Эти немногие поручения, строгое предупреждение никому ничего не болтать наполнили его жизнь волнующей новизной и таинственностью. Правда, иной раз на него нападал страх. Особенно после аферы с «футбольными командами». А что, если кто-нибудь из тех мальчишек случайно встретит его и узнает? Но Андрей старался не думать об этом. Зачем? Уже поздно жалеть. Теперь он в руках Зубея. Ну и пусть! С ним хотя и страшно, зато интересно. Вот с той же филателией. Что там за тайна такая?
Всякому овощу свое время
Насытившись, Зубей накрыл арбуз газетой и крикнул, чтобы услышали в другой комнате:
— Васька! Убери!
Пока Васек с обиженным и хмурым видом сметал тряпкой со стола семечки и подбирал корки, Зубей тщательно протер обрывком газеты блестящее лезвие ножа, подышал на него, посмотрел и для верности насухо вытер о штанину. Сложив нож, Зубей сунул его в карман и сказал, подняв хитроватые глаза на Андрея:
— Ну, Король, знаешь, что такое филателия?

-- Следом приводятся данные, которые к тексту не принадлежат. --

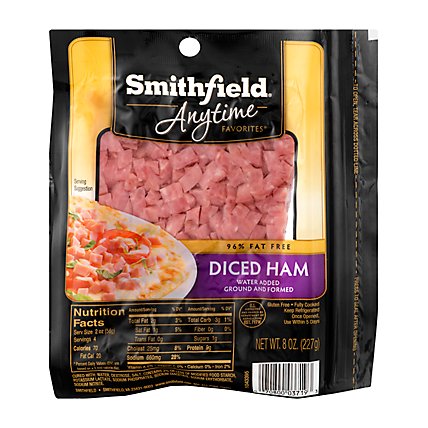 Smithfield Anytime Favorites Diced Ham - 8 Oz - Image 3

— Да я и тогда знал, — небрежно ответил Андрей. — Просто вылетело как-то из головы.
— Вот и прекрасно.
На спинке стула висел тот самый серый пиджак Зубея, в котором Андрей когда-то изображал инструктора спорта. Не поднимаясь с места, Зубей достал из бокового кармана пиджака продолговатый альбомчик в зеленой обложке.
— Иди сюда, — приказал Зубей. Он раскрыл альбомчик. На белой картонной странице, под прозрачными полосками целлофана, были заложены почтовые марки. Как определил по надписям Андрей, все они заграничные. Красивые марки. На одной — зеленоватый самолет, на другой — мост через реку, на третьей — птица с пышным хвостом.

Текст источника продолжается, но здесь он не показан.